* [Task]: Give back the full data, retyped precisely.

* [Provided data]:
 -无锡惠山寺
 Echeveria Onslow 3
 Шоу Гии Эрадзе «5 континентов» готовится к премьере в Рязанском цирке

* [Response to this exercise]:
 -无锡惠山寺
 Echeveria Onslow 3
 Шоу Гии Эрадзе «5 континентов» готовится к премьере в Рязанском цирке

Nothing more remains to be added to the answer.